Zu den Medienberichten über Geldwäschevorwürfe im Zusammenhang mit dem Verkauf des Schlosses Reinhardsbrunn erklärt die Gothaer Landtagsabgeordnete der LINKEN, Martina Renner: „Die Vorwürfe müssen vollständig aufgeklärt werden und es ist zu prüfen, ob dem Land hier finanzieller Schaden entstanden ist. Außerdem muss die Landesregierung jetzt endlich zu ihrer Verantwortung stehen. Die Immobilie muss mindestens vorübergehend zurück in den Besitz des Freistaates, damit die am Gebäude notwendigen Sicherungsmaßnahmen durchgeführt werden können.“

Martina Renner hatte die Schlossanlage im Rahmen ihrer Abgeordnetentätigkeit in den vergangenen Jahren mehrfach besichtigt und begleitend Gespräche mit der Denkmalschutzbehörde und dem Bürgermeister von Friedrichroda, Thomas Klöppel, geführt sowie Anfragen im Landtag gestellt.
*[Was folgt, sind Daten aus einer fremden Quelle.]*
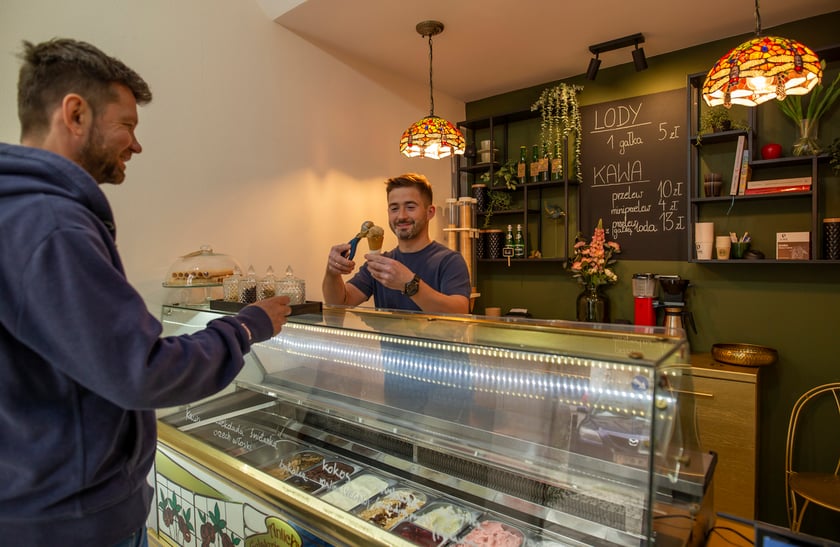 Przychodzą tu ludzie zarówno z Nadodrza, jak i z najdalszych części Wrocławia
„Als erster Schritt muss das Schloss vor dem weiteren Verfall geschützt werden. Danach gilt es gemeinsam mit den Verantwortlichen vor Ort eine zukunftsfähige Lösung zu finden. Schloss Reinhardsbrunn, das auf der Ruine des Hausklosters der Landgrafen von Thüringen errichtet wurde, ist für das kulturhistorische Erbe Thüringens von einmaliger Bedeutung. Darin steckt auch großes touristisches Potential, das genutzt werden sollte“, so Martina Renner abschließend.